◆ INSTRUCTIONS TO FOLLOW:
Could you return, exactly as written, only the lines from the one holding "Children test their skills at corn hole." through the final line of the records below?

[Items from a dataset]
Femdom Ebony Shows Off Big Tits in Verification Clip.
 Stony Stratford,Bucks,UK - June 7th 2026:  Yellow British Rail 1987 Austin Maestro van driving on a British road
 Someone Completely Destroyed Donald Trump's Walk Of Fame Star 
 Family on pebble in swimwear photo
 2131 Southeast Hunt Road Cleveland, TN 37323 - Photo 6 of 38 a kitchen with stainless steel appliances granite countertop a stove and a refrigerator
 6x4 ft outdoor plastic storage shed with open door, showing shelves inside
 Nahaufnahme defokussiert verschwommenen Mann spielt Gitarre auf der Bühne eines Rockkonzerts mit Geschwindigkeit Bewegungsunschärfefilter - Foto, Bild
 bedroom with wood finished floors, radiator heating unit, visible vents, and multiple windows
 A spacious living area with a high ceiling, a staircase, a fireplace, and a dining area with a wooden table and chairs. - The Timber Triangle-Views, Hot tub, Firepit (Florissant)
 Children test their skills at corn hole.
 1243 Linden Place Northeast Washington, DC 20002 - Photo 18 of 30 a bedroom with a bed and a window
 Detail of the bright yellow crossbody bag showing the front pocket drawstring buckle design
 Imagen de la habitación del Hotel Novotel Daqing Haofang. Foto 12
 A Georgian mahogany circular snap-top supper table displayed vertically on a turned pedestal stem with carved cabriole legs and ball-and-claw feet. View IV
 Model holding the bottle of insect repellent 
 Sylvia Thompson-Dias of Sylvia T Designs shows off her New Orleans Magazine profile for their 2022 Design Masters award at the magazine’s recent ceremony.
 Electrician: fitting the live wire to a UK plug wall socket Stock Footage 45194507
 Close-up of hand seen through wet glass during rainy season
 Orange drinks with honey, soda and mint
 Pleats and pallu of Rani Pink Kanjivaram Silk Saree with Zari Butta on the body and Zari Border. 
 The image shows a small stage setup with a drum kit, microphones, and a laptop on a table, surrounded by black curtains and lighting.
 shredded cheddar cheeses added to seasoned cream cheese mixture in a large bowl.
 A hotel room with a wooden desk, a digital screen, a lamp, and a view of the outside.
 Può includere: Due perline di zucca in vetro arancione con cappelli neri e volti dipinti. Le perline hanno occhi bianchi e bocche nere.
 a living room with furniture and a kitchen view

◆ ANSWER TO THE EXERCISE:
 Children test their skills at corn hole.
 1243 Linden Place Northeast Washington, DC 20002 - Photo 18 of 30 a bedroom with a bed and a window
 Detail of the bright yellow crossbody bag showing the front pocket drawstring buckle design
 Imagen de la habitación del Hotel Novotel Daqing Haofang. Foto 12
 A Georgian mahogany circular snap-top supper table displayed vertically on a turned pedestal stem with carved cabriole legs and ball-and-claw feet. View IV
 Model holding the bottle of insect repellent 
 Sylvia Thompson-Dias of Sylvia T Designs shows off her New Orleans Magazine profile for their 2022 Design Masters award at the magazine’s recent ceremony.
 Electrician: fitting the live wire to a UK plug wall socket Stock Footage 45194507
 Close-up of hand seen through wet glass during rainy season
 Orange drinks with honey, soda and mint
 Pleats and pallu of Rani Pink Kanjivaram Silk Saree with Zari Butta on the body and Zari Border. 
 The image shows a small stage setup with a drum kit, microphones, and a laptop on a table, surrounded by black curtains and lighting.
 shredded cheddar cheeses added to seasoned cream cheese mixture in a large bowl.
 A hotel room with a wooden desk, a digital screen, a lamp, and a view of the outside.
 Può includere: Due perline di zucca in vetro arancione con cappelli neri e volti dipinti. Le perline hanno occhi bianchi e bocche nere.
 a living room with furniture and a kitchen view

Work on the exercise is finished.